Frequently Asked Questions
How much value does a kitchen extension actually add?
On a £600,000 terraced house in Dulwich we estimated around £72,000 in uplift from a rear kitchen extension — that's the 12% figure the calculator uses, capped so it doesn't run wild on high-value properties. In practice I've seen buyers pay £50,000 to £80,000 more for a property with a done extension versus one that still has the galley kitchen. The real driver isn't the square footage alone, it's the open-plan kitchen-diner that London buyers expect. A basic rear extension at £65,000-£75,000 all-in will typically add more than it costs in south London. Dulwich, Clapham, and Battersea tend to return more than Croydon or Catford because the buyer pool is larger and they value spec more.
Is a loft conversion a better investment than a kitchen extension?
Depends on your starting point. If you're already a four-bed house, another bedroom from a loft adds less than it does to a three-bed, where the jump from three to four beds is significant. I did a loft on a three-bed semi in Streatham last year — £55,000 build, added a bedroom and en-suite, and the owner got three offers over asking. That's not a coincidence. The 18% uplift figure in this calculator is a realistic ceiling for that kind of conversion. Kitchen extensions add lifestyle value to buyers who work from home or have young kids. Lofts add bedroom count, which has a direct effect on Rightmove search filters. Both can outperform the cost — it depends what the house is missing.
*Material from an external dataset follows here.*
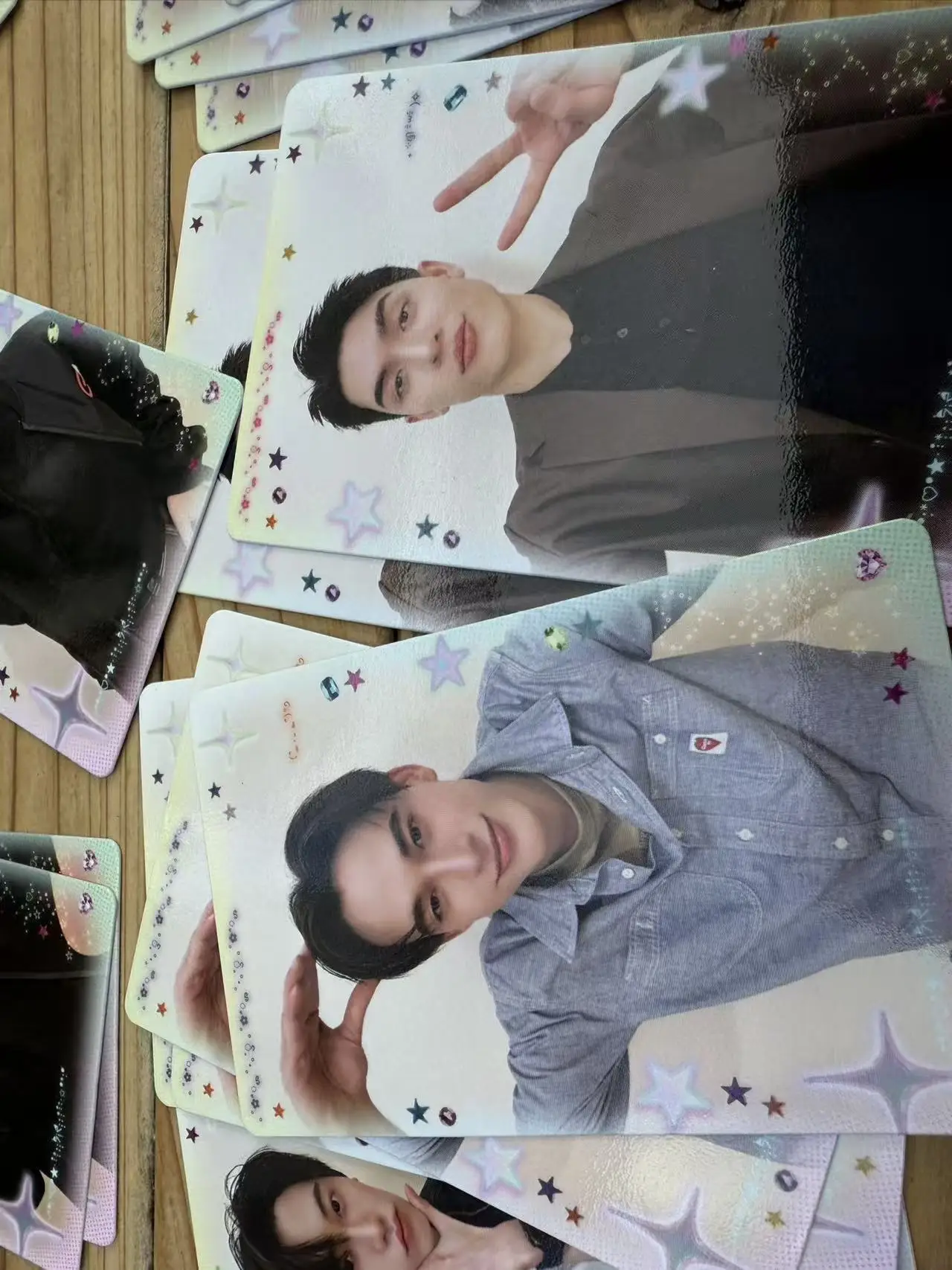 Официальный магазин GmmTV POP Up 2025, Pondphuwin Joongdunk Bounprem FirstKhaotung Jimmy Sea Junior Mark, коллекционная случайная карта для мальчиков (art.: 3920d3fe65ac5) - 3920d3fe65ac5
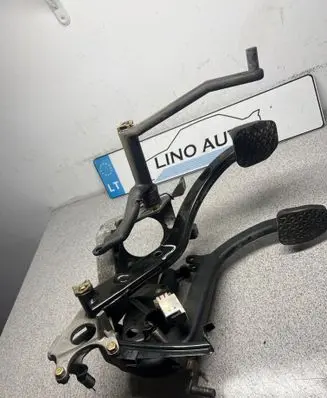 BMW 5 E39 Pedal assembly 1162638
How accurate are these estimates?
Directionally right, not precisely right. The percentages come from Land Registry transaction data and estate agent analysis for south London boroughs, not random figures. But a £900,000 house in Kensington won't respond to a new kitchen the same way a £450,000 terrace in Lewisham does — hence the caps. The borough multiplier adjusts the uplift up or down based on where demand sits. What this tool won't capture is a property in poor condition where the uplift will be higher because the baseline is low, or a property that's already been extensively done where each additional improvement adds less. Use this as a starting figure, then talk to an agent who knows your specific street.